▸ **Your task**:
Reproduce exactly the lines of this material that begin at the line with "Hidden Gems of" and end at the line with "Dieta Low FODMAP", both included. Omit the pictures and everything else.

▸ **Source records**:
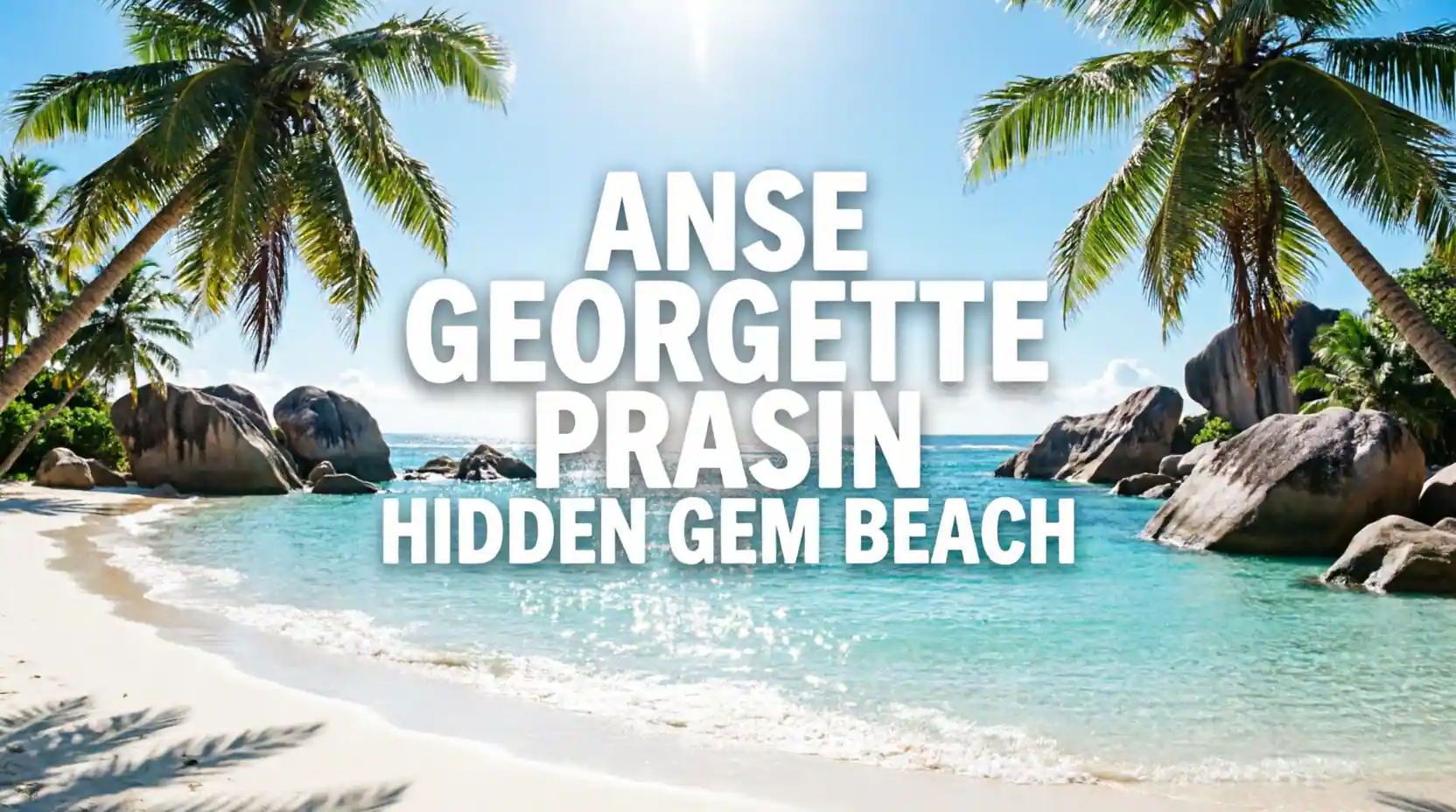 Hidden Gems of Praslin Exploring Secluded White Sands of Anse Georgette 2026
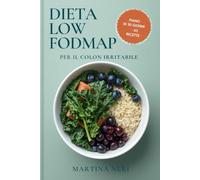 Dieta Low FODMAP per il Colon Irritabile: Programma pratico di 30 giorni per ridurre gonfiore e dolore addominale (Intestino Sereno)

...

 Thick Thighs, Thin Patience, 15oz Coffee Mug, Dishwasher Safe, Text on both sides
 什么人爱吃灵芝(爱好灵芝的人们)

...

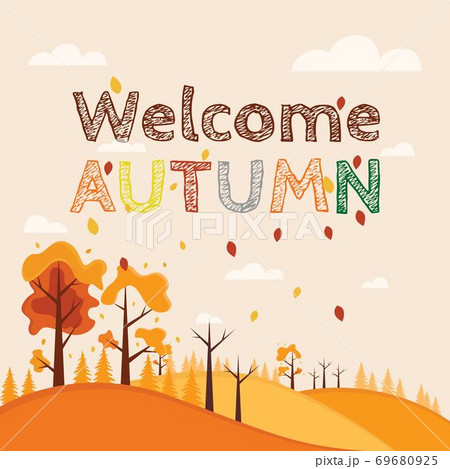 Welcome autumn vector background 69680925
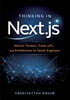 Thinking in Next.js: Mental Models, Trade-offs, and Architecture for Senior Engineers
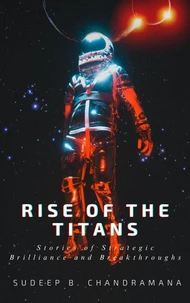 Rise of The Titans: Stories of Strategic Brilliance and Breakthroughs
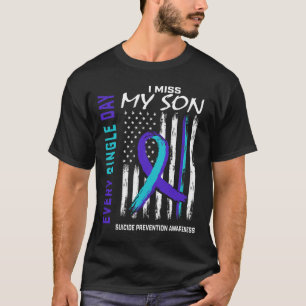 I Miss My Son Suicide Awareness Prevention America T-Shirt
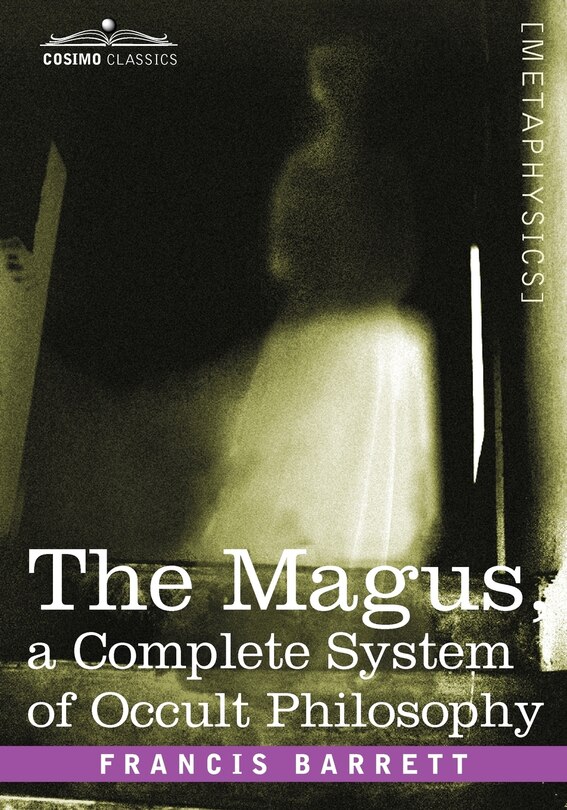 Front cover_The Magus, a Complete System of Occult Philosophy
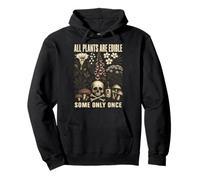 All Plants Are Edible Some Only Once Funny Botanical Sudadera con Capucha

▸ **Your solution**:
 Hidden Gems of Praslin Exploring Secluded White Sands of Anse Georgette 2026
 Dieta Low FODMAP per il Colon Irritabile: Programma pratico di 30 giorni per ridurre gonfiore e dolore addominale (Intestino Sereno)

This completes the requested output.